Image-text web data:

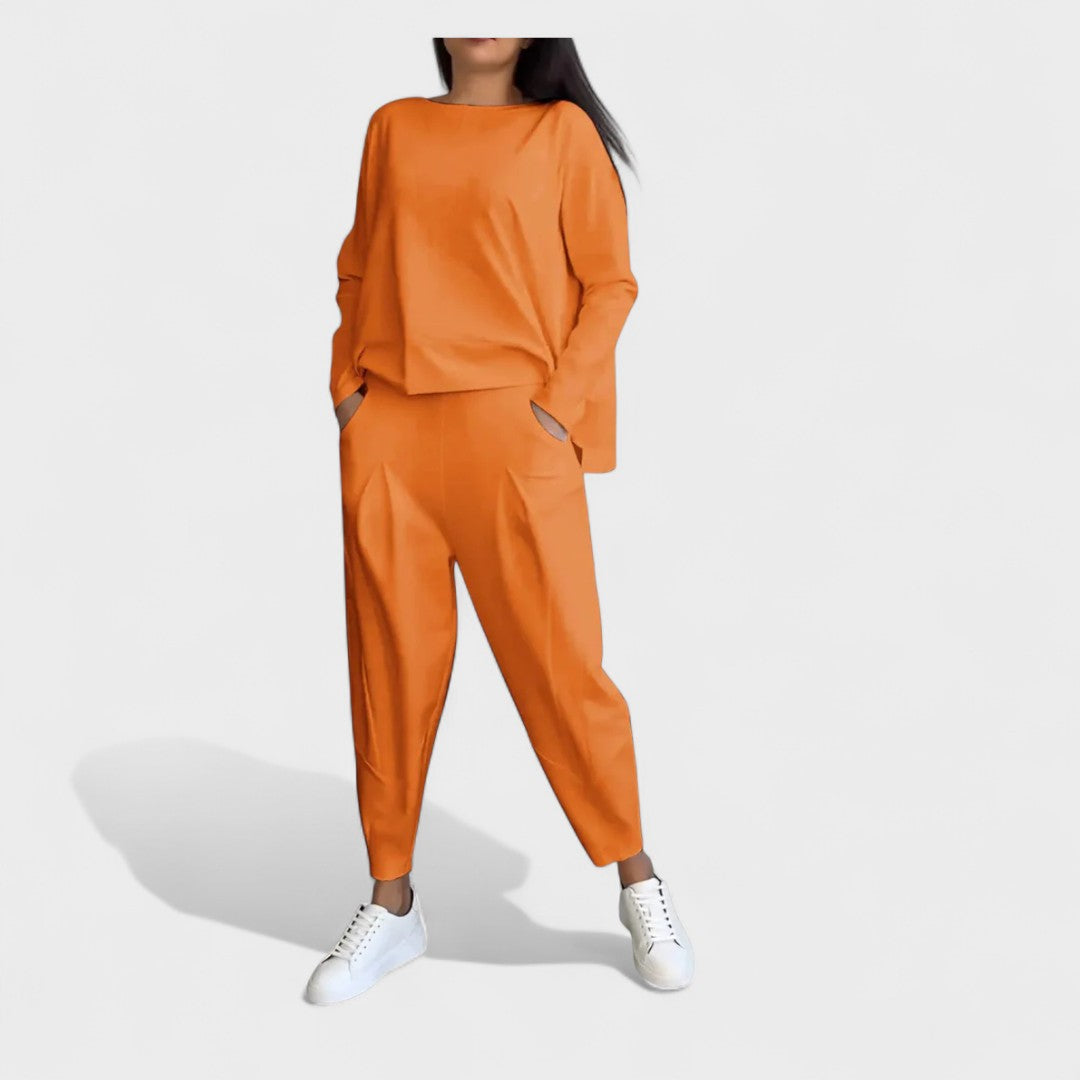 Isabel™ | CONJUNTO DE DOS PIEZAS CHIC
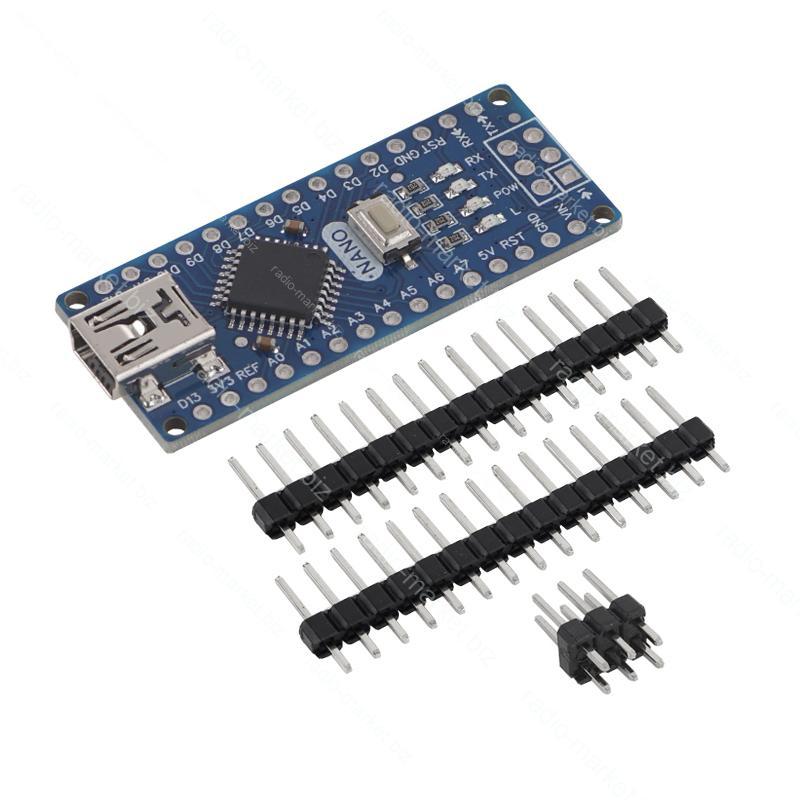 Модуль ARDUINO NANO V3.1 Atmega328 miniUSB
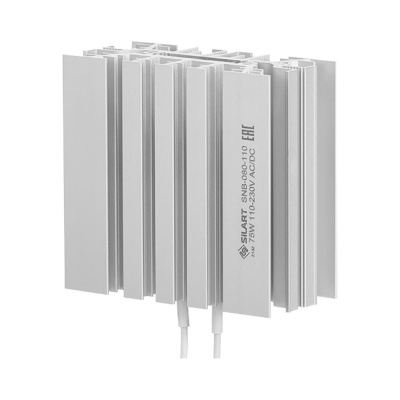 Конвекционный нагреватель SILART 75 Вт 110-230 V AC/DC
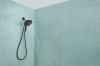 DELTA Universal Showering Components H2OKINETIC In2ition 5-Setting Two-in-One Shower — Matte Black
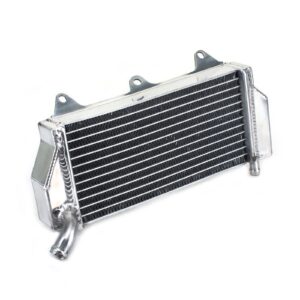 WHITES RADIATOR LEFT YAM YZ450F 10-13 - Image 1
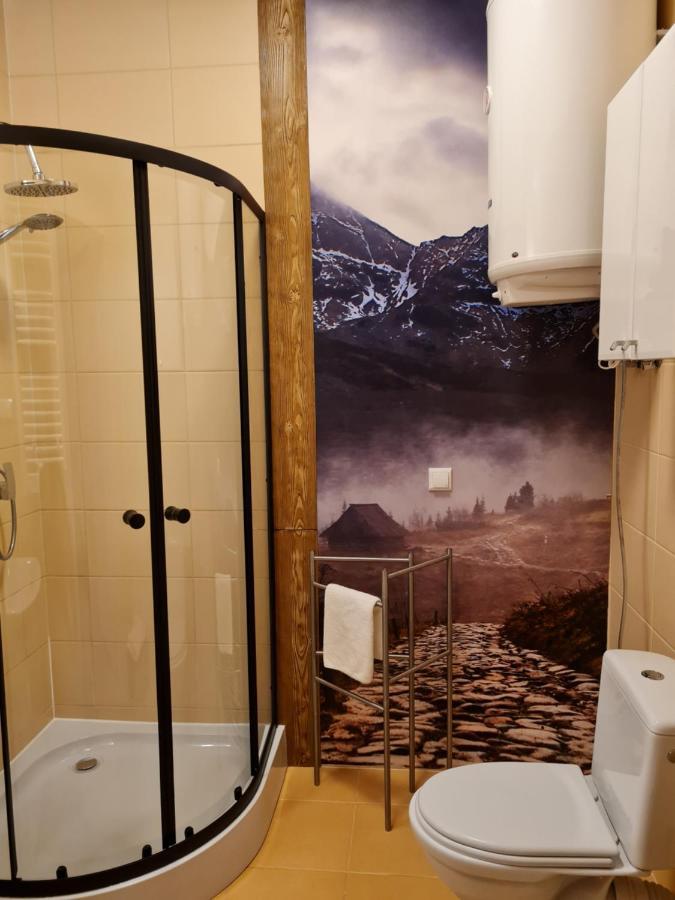 Ski & Spa Zakopane # Sauna & Jacuzzi For Free # Restaurant 50M 外观 照片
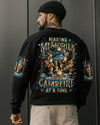 MAKING MEMORIES ONE CAMPFIRE AT A TIME BIGFOOT ALL OVER PRINT - YHLN2410241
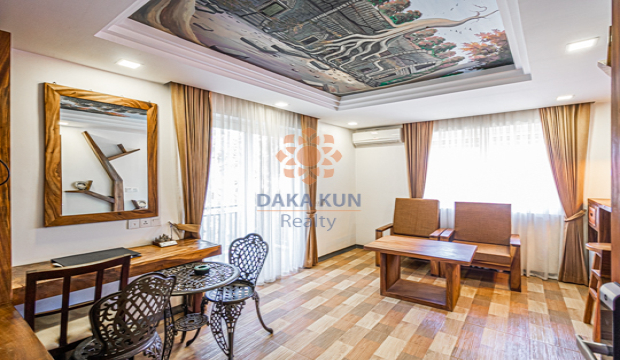 16 rooms Boutique for Rent in Krong Siem Reap-near National Rd 6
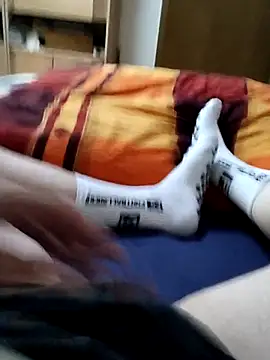 Snapshot of boxerundsocken91 chatting on October 21, 1:34 pm boxerundsocken91 online show from October 21, 1:34 pm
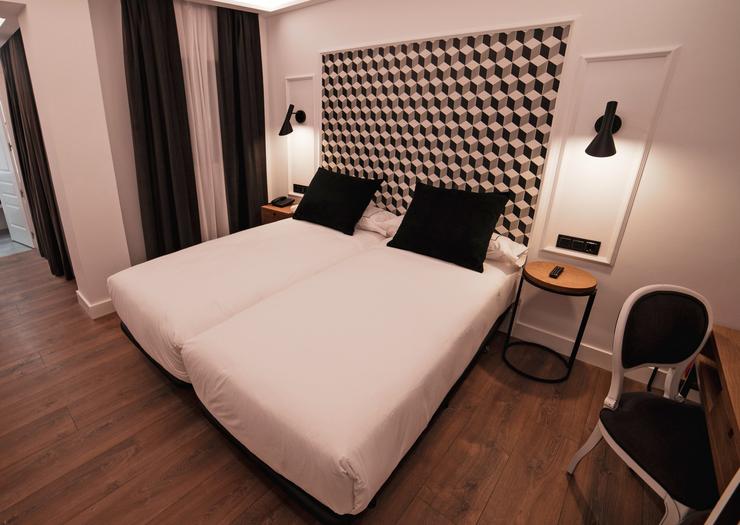 Junior suite Colón Plaza Boutique Hotel Valladolid Junior suite Colón Plaza Boutique Hotel Valladolid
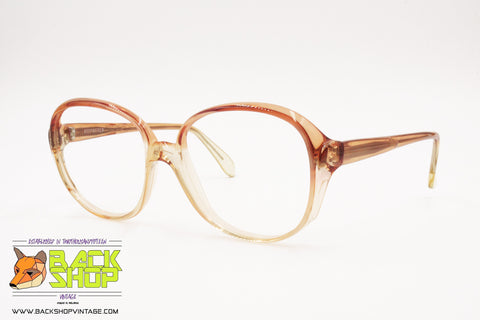 RODENSTOCK mod. Nanette Vintage round glasses frame women, New Old Stock 1970s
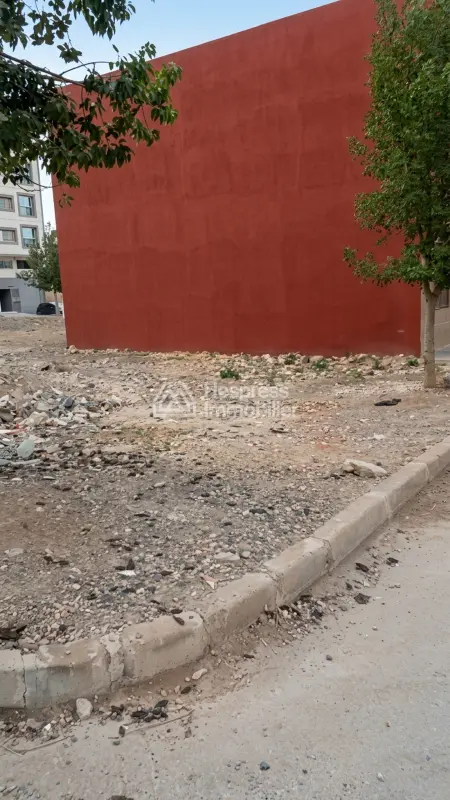Terrain commercial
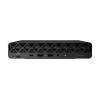 HP EliteDesk 8 G1i AI - Mini Desktop - Core Ultra 5 235T / 2.2 GHz - RAM 16 GB - SSD 512 GB - NVMe - Intel Graphics - Bluetooth 5.3, Wi-Fi 6E, 1GbE - WLAN: Bluetooth 5.3, 802.11a / b/g / n/ac / ax (Wi-Fi 6E) - Win 11 Pro - ohne Tastatur und Maus - Monitor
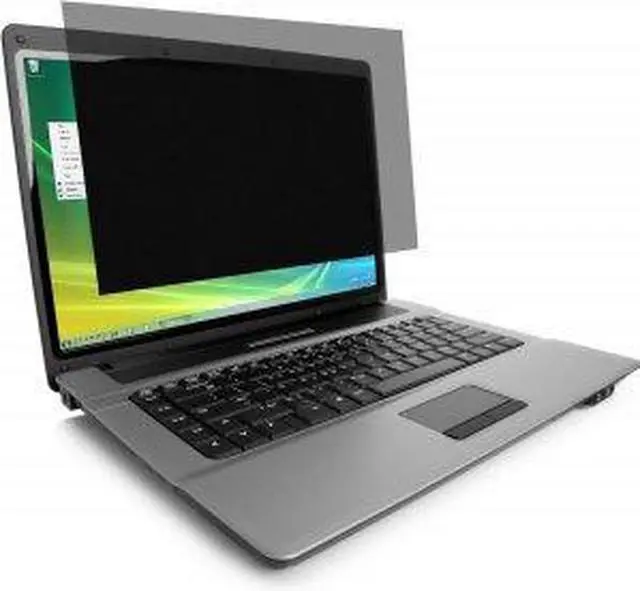 Alt view image 5 of 12 - Kensington FP160W10 Privacy Screen for Laptops 16.0" 16:10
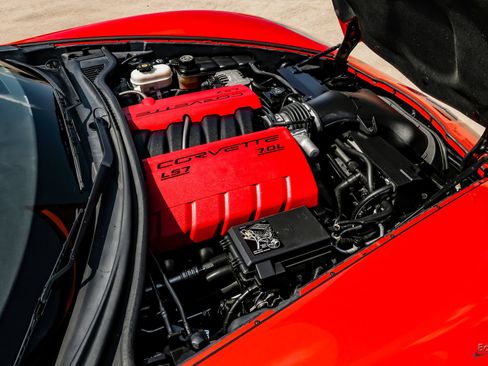 Used 2011 Chevrolet Corvette Z06 RWD image 73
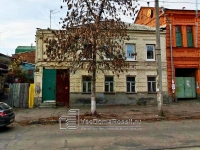 Samara, Chapaevskaya st, house 52. Apartment house
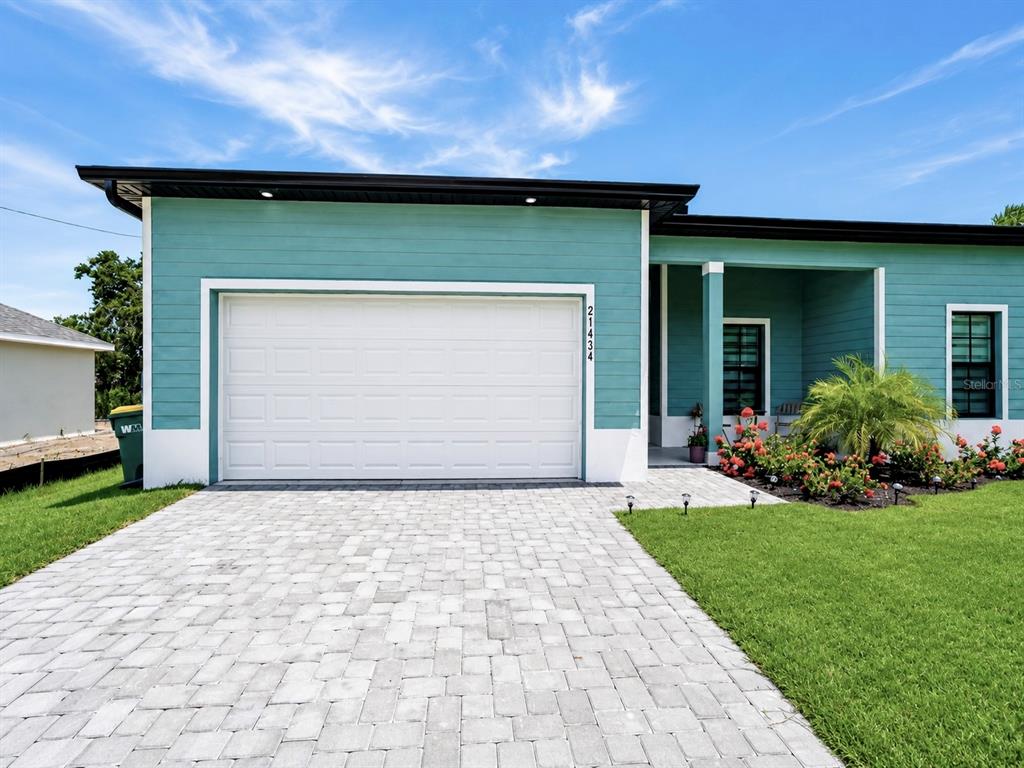 Property for sale at 21434 DEKALS AVENUE, PORT CHARLOTTE, FL, 33952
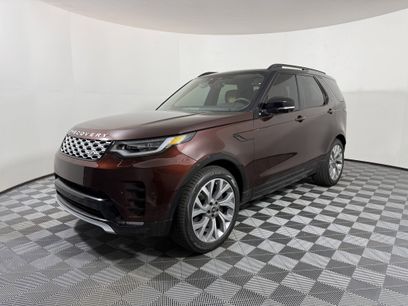 New 2026 Land Rover Discovery Limited Edition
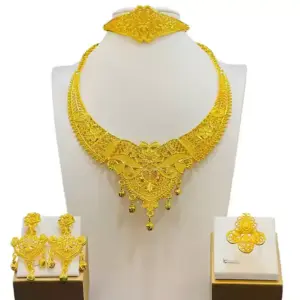 Jewelry Set Necklace / Wholesale Only 🇨🇳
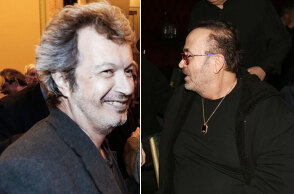 Πέτρος Τατσόπουλος και Σταμάτης Γονίδης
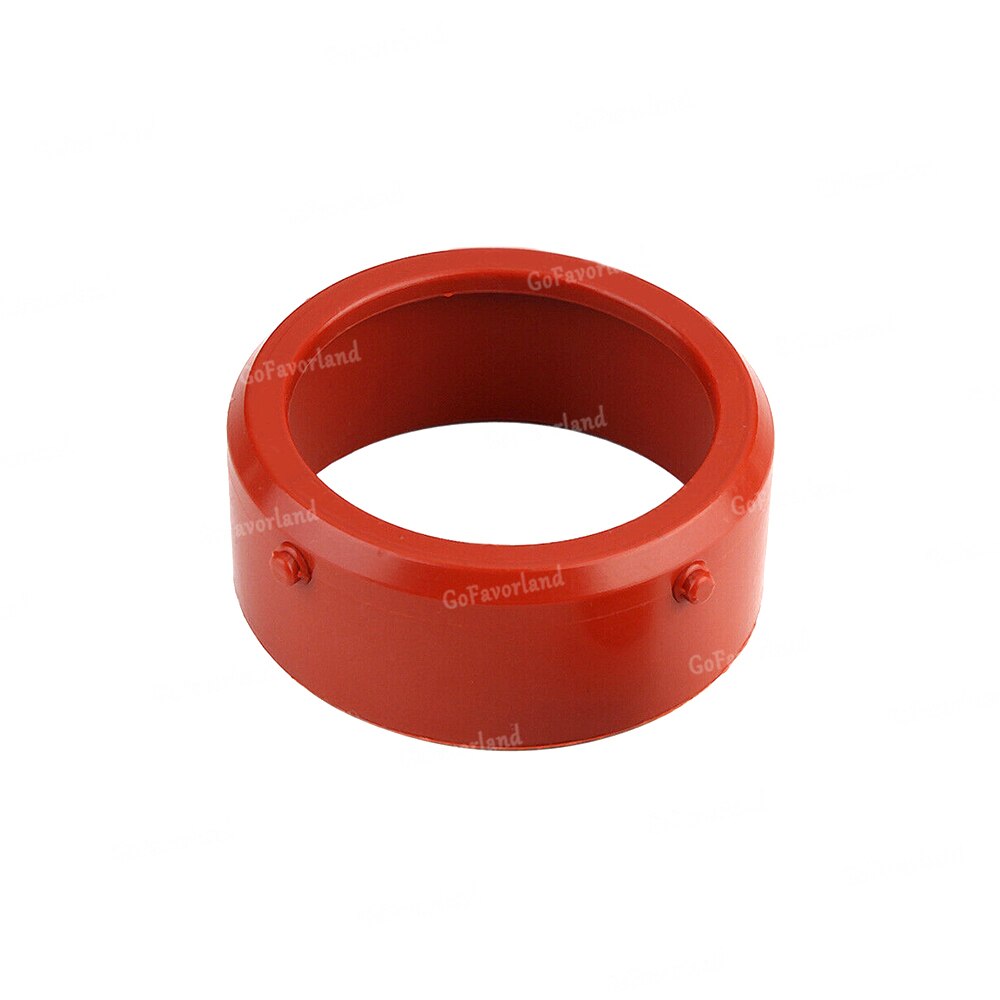 Rood Motor Breather Turbo Intake Seal Kit A6420940080 Voor Mercedes OM642 Motoren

- _To do_:
Pictures are to be omitted. The lines from the line holding "Jewelry Set Necklace / Wholesale Only 🇨🇳" through the closing line of the data above are to be set down exactly, and nothing more.

- _Exercise answer_:
 Jewelry Set Necklace / Wholesale Only 🇨🇳
 Πέτρος Τατσόπουλος και Σταμάτης Γονίδης
 Rood Motor Breather Turbo Intake Seal Kit A6420940080 Voor Mercedes OM642 Motoren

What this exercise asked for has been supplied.